John Proctors very nearly cracked here. He knows quite well that there
is a God and he is alive, yet he shouts out this lie anyway, as he
knows now that he will have to die, this proves that John Proctor is
only a man, as he here loses his temper, you can imagine him, arms
waving, nostrils flaring, shouting the words at the members of the
court in anger. Despite the fact that he resists the witchcraft scam
for longer than the others, all he is is a man.

God is a pivotal character in the play, the fact that we don't
actually see him lessens the fact not at all, because the entire play
is run on the theme of God, and how loyal the people are to God. The
'witches' hate God, they detest him and work for the evil devil, yet
any who were accused of being a witch and denied it, were put to
death, this system cannot work.

This play also has a lot of biblical illusions inside its words, to
name one the gallows at the end, when the most important person (John
Proctor, Jesus) and on either side of him are two others, in this play
Martha Corey and Francis Nurse, in Jesus' time two robbers. Yet the
set up was the same. With the central person in the middle, as well as
this at the end of the film, which Arthur Miller helped to produce,
the people on the gallows began saying the 'Our Father', this again is
a symbol of faith, showing once more Gods influence in the play.

(With a cry of his whole soul)

Because it is my name! (The Crucible Act 4)

This quote is now being used for its stage directions, in the play,
when being read, this line can easily be read normally, yet it should
really be screamed to the mountain tops, with all the air in the
readers lungs, as he is spending all his effort in just getting the
point across that is his name it belongs to him, and the council have
no right to drag it through the mud. This shows just how much John
Proctor valued his name, it was his and the one thing no-one could
take from him. No-one could take his name. This is what his conscience
was telling him; don't give up your name its yours. No-one can take it
from you. This is but one of the reasons he died rather than lived,
John Proctor would not, could not live a lie.

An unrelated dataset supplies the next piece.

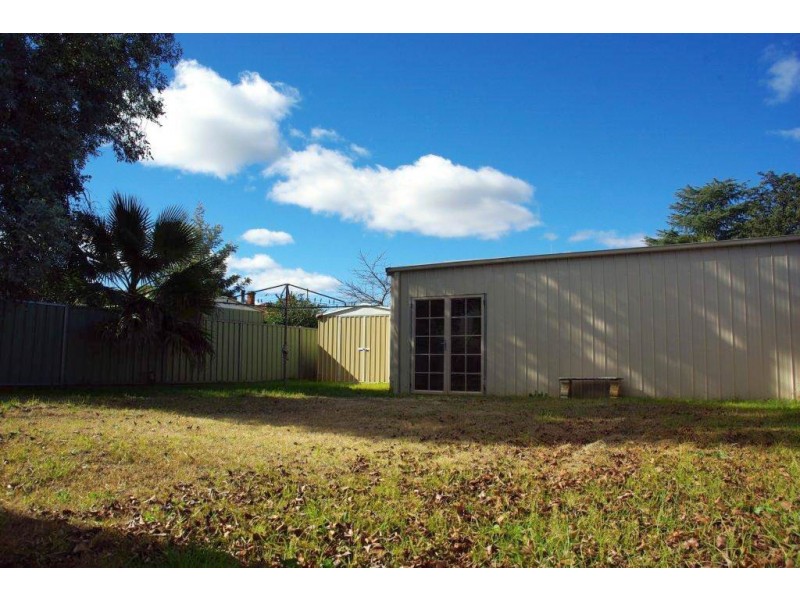 64 Simpson Street, Wellington NSW 2820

During the time when Arthur Miller was writing this play, America had
gone crazy with the attempt of trying to hunt out communists. This was
the same kind of craziness shown in 1692 during the hunting of the
witches in Salem. It was a case of mass hysteria, everybody was scared
for their lives, so began blaming others, these people in turn blamed
others, and thereby a large majority of the population were at risk.
This play was a way for Arthur Miller to get across to his readers
what he believed, I believe he was trying to show that if one person,
one brave person refused to be pulled into the trap, and said no! They
wouldn't name any others then the wave would quickly pass, yet as it
was it took many years for the hysteria to pass over America.

It was Senator Joseph McCarthy, who began by proclaiming that he had a
list of 205 names of people in America who were communists. This list
was later reduced to 57, yet that is still a large amount of people to
be charged with 'shaping policy in the state department.' Like the
Salem judges he continued to extend and repeat these charges even
after they had failed. Refusal to give other names was seen as
contempt of the committee and could be punished. Very few of
McCarthy's victims had the strength and courage shown by John Proctor
in the play.

I wish to conclude by saying John Proctor's conscience was telling him
to die, to keep his name, yet at the same time it was telling him to
live, and grow up with his children. He was having a real struggle,
trying to decide which to do. Most people would choose life and not
look back at what they were loosing, yet today you can move to another
country, and start a new life, in those days if you moved you would be
followed with suspicion wherever you went. Even a city further away
would be suspicious of a traveller moving for no reason, especially
after hearing about the witch trials.

I believe that John Proctor did the right thing in refusing to give in
to the court, even though he was going to give in his conscience kept
him in check, so he eventually did what was best for him and for the
entire community of Salem, as if he hadn't who can say what would have
happened, the community of Salem might have being totally destroyed.